General Assistance Program from Johnson County sees big increase in users

The program, which helps provide county residents with short-term financial assistance, saw an increase of over 400 households in fiscal 2022 from fiscal 2021.


Matt Sindt

The Board of Supervisors listen to speakers at the Johnson County Administration Building on Wednesday, Oct. 19, 2022.

Alejandro Rojas, News Reporter

Johnson County’s General Assistance Program has seen an increase in households served recently, with 745 in fiscal 2022 compared to 304 in fiscal 2021.

Johnson County Social Services Director Lynette Jacoby provided an update on the county’s General Assistance Program at Wednesday’s work session meeting for the Johnson County Board of Supervisors.

The program is aimed at providing short-term assistance to county residents facing financial problems. In the program, the county outlines how it will help address financial problems for rent, utilities, provisions, and transportation, among other necessities.

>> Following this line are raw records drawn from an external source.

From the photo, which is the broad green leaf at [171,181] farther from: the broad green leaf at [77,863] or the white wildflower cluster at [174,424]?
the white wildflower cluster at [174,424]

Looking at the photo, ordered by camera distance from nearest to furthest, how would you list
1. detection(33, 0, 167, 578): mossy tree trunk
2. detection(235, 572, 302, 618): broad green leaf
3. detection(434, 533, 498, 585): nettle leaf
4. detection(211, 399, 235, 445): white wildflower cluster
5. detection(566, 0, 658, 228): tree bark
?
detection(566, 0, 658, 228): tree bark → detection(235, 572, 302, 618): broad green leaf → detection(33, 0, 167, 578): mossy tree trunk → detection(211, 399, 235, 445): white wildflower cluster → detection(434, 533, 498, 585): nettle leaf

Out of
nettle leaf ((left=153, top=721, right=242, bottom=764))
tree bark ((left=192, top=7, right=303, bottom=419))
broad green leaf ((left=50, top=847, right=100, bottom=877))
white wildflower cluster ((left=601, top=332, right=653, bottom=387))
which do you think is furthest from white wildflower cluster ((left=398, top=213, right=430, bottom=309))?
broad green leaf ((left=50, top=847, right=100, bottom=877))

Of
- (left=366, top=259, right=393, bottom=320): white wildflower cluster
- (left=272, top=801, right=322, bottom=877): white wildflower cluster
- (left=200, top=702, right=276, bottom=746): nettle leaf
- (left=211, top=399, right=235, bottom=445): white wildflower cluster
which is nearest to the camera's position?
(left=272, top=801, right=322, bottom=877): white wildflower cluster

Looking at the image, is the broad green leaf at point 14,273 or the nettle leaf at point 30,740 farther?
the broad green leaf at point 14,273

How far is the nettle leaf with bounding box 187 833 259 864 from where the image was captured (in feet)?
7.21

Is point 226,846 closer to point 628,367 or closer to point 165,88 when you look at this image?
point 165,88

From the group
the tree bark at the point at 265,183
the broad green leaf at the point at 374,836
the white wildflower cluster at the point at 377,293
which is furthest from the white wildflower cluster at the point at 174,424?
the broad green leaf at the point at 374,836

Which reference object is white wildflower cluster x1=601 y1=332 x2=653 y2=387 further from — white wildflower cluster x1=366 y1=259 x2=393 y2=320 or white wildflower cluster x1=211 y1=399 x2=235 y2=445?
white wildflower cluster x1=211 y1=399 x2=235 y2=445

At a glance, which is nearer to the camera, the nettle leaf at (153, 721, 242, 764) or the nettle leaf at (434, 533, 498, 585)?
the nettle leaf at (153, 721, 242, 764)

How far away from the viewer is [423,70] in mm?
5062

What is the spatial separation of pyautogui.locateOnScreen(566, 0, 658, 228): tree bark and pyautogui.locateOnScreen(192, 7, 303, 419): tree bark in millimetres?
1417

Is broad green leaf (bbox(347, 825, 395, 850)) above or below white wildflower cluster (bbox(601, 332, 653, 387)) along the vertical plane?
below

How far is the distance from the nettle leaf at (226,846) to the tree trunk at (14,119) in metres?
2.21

Jacoby explained that the reason for the high volume of households has been word of mouth between existing users and new ones.

“We have a lot of social service providers that provide referrals, but then we also receive a lot of referrals from consumers telling friends and family about our program,” Jacoby said. “The more people access our program, and that number grows, then there continues to be that outreach and they tell their friends, their neighbors and family members, and so it continues to grow.”

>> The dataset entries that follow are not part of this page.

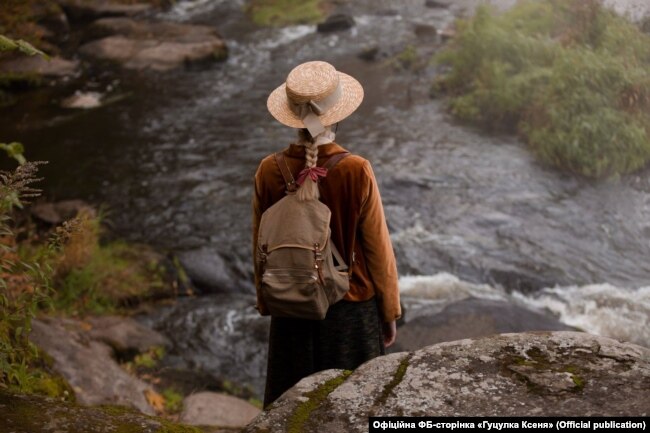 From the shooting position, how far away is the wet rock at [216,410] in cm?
516

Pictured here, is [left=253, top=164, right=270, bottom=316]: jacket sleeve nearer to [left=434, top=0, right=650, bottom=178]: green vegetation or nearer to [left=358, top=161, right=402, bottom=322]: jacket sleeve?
[left=358, top=161, right=402, bottom=322]: jacket sleeve

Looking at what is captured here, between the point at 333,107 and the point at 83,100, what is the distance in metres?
12.5

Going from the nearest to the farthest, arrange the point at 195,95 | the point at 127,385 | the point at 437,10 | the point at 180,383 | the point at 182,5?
the point at 127,385 → the point at 180,383 → the point at 195,95 → the point at 437,10 → the point at 182,5

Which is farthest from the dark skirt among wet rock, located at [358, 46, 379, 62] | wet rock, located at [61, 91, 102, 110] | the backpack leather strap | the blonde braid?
wet rock, located at [358, 46, 379, 62]

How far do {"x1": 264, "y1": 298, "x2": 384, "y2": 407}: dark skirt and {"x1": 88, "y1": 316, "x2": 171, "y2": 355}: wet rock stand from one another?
3311 millimetres

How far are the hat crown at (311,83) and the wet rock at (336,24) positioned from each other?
51.3 feet

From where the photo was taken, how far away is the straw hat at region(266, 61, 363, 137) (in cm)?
318

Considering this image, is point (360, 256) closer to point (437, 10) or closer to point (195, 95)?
point (195, 95)

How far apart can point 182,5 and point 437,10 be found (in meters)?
9.07

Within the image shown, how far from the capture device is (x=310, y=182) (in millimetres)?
3197

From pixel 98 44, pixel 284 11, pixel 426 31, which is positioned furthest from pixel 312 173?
pixel 284 11

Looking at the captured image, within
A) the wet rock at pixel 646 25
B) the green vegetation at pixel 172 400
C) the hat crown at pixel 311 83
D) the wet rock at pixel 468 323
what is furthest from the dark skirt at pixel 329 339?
the wet rock at pixel 646 25

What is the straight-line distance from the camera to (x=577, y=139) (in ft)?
31.3

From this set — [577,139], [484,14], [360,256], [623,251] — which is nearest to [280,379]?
[360,256] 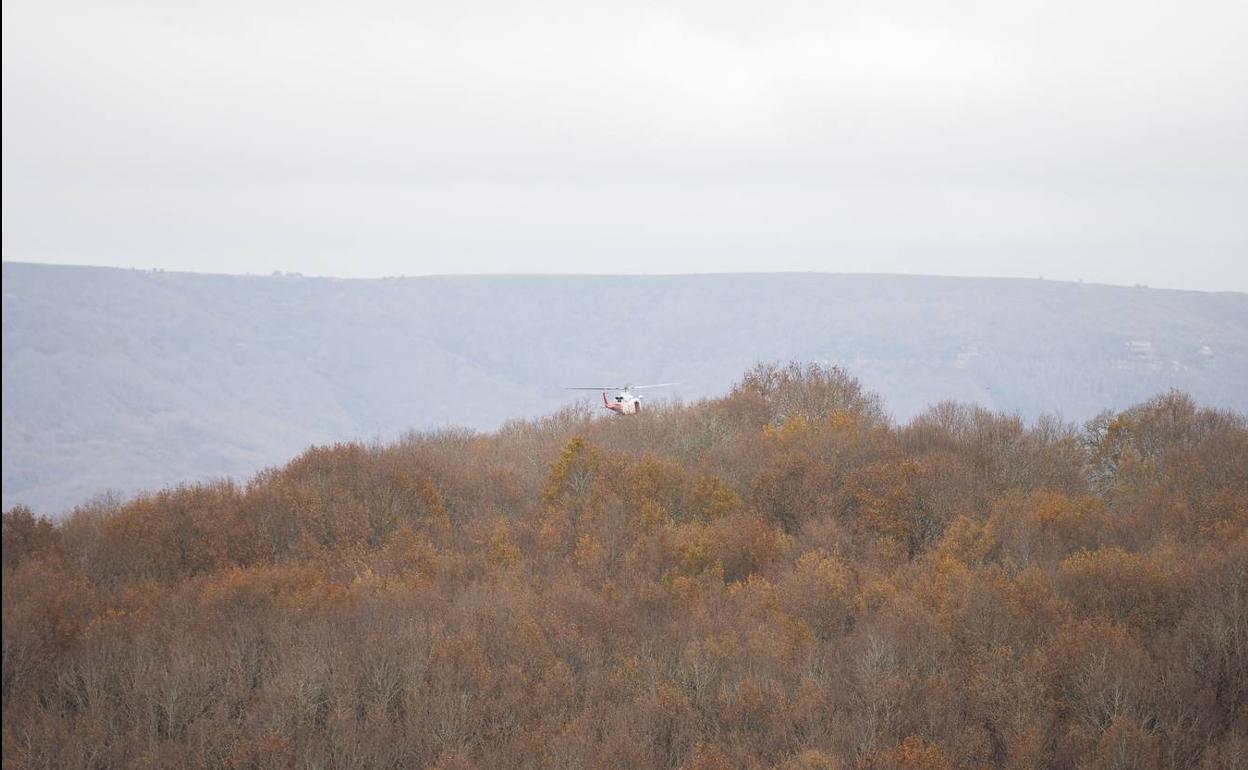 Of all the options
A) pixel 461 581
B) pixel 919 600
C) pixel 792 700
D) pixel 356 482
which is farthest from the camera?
pixel 356 482

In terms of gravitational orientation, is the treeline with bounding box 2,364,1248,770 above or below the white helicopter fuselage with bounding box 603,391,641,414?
below

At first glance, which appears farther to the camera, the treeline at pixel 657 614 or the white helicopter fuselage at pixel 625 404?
the white helicopter fuselage at pixel 625 404

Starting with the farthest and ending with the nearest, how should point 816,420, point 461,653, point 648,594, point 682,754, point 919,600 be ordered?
point 816,420
point 648,594
point 919,600
point 461,653
point 682,754

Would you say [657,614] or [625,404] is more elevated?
[625,404]

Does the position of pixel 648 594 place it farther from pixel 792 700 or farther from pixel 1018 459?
pixel 1018 459

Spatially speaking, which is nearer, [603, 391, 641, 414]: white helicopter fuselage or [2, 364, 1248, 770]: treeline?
[2, 364, 1248, 770]: treeline

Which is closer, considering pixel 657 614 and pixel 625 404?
pixel 657 614

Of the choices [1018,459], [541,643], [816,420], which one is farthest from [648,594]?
[816,420]

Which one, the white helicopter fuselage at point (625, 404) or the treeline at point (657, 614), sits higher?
the white helicopter fuselage at point (625, 404) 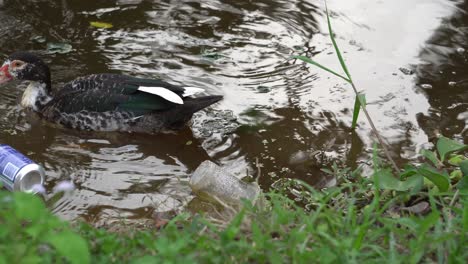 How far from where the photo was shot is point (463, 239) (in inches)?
130

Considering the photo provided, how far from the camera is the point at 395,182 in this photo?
3.94 metres

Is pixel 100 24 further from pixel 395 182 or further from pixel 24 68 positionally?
pixel 395 182

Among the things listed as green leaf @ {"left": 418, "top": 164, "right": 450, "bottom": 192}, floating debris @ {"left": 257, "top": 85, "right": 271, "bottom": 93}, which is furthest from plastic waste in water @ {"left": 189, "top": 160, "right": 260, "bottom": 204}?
floating debris @ {"left": 257, "top": 85, "right": 271, "bottom": 93}

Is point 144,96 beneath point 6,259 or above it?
beneath

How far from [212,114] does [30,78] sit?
5.01 ft

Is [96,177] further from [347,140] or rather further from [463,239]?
[463,239]

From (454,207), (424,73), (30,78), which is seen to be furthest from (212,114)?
(454,207)

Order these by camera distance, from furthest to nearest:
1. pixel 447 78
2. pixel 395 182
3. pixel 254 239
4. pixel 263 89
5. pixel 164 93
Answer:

In March, the county hired an additional specialist for the program, using funds from the American Rescue Plan Act as part of an expansion to the program.

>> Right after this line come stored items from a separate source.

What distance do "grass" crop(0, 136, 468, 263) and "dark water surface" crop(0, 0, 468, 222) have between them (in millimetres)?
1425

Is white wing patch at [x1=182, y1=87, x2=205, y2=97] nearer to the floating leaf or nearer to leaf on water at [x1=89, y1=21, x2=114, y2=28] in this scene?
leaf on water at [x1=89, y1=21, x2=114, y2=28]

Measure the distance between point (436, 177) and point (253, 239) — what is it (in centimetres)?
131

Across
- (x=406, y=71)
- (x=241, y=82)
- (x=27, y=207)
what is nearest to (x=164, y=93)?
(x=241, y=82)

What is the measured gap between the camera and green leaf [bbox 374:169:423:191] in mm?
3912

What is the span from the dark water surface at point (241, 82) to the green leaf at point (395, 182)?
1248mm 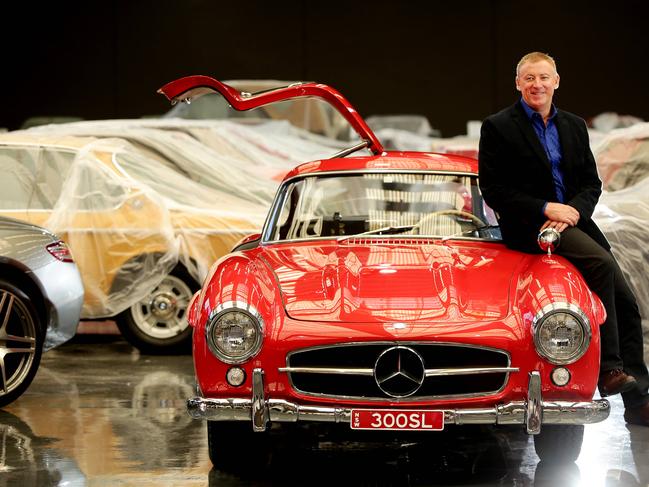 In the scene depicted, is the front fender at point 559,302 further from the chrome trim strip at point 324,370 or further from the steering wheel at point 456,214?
the steering wheel at point 456,214

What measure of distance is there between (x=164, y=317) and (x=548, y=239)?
163 inches

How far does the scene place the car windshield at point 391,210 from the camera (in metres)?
6.06

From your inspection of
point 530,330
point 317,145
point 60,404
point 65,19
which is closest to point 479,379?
point 530,330

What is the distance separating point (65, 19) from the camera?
12.6 meters

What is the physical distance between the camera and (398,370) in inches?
188

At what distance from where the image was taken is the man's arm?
5590 millimetres

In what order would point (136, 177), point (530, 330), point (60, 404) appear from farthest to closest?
point (136, 177), point (60, 404), point (530, 330)

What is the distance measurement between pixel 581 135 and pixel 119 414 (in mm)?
2943

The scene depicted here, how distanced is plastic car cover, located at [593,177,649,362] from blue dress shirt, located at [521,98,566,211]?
2774mm

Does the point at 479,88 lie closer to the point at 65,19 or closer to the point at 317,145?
the point at 317,145

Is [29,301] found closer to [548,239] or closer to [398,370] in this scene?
[398,370]

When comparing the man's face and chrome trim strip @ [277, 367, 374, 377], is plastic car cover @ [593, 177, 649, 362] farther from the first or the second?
chrome trim strip @ [277, 367, 374, 377]

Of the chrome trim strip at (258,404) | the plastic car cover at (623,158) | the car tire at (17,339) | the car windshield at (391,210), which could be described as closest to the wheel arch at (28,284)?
the car tire at (17,339)

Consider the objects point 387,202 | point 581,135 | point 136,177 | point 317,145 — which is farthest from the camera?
point 317,145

For fiscal 2023, Jacoby shared that the program has already served over 500 households.

“To date now, through November 29, we’ve provided 556 households with general assistance support, and that will be higher as we close out the module,” she said.

RELATED: Johnson County to hire General Assistance Program specialist with American Rescue Plan Act funds

According to the presentation, the amount of assistance allocated also increased in fiscal 2022. In total, $885,55 provided. By comparison, $173,640 in assistance was provided in 2021, and $351,130 in 2020.

For fiscal 2023, $447,761 has been allocated  so far.

The amount of funding also increased per application. In fiscal 2022, there was $651 per application, compared to $403 in 2021. In fiscal 2023, the number is slightly higher at $682.

The high volume of usage has left the county facing the likelihood of going over the budgeted amount allocated for the program, Jacoby said.

“Through October, for this fiscal year, we’ve allocated or provided just shy of a half a million dollars in general assistance. When I factor in November, to date that’s $588,180,” she said. “So we’re on target now to extend, I would guesstimate, about $1.5 million in general assistance, which is significantly over budget.”

Currently, Jacoby said the county has $1 million allocated to the program for the current fiscal year.

Jacoby said that the service continues to see the trend of high demand. Currently, there are three program workers who have their days fully booked with appointments, with other appointments being scheduled for a week later to meet other applicants.

To deal with the high demand of the service, Jacoby outlined in her presentation possible solutions to the supervisors. A few of the options provided were hiring additional staff, or modifying service.

Another option would be to scale back eligibility. Eligibility was expanded earlier this year with ARPA funds, with the intention to scale it back in the future. But with the high demand for the program, Jacoby said that scaling back could be an option to help cut down on the demand.

During the presentation, Supervisor Rod Sullivan voiced concerns for possibly cutting back on service. 

“It’s a huge mistake to back off and just be people that hand out checks, because there are so many things that people can avail themselves of if they only know they’re there. And I just think the level of service has been so good,” Sullivan said. “I hate the idea of cutting back on that.”

Sullivan said he would prefer to have options made available to the board to have the program operating as best as it can.

“I think we should try to continue doing this, but I don’t think we can continue doing this and doing every other thing we want to do,” he said. “ I’m inclined to try to keep us doing this and give you the adequate staff to continue.”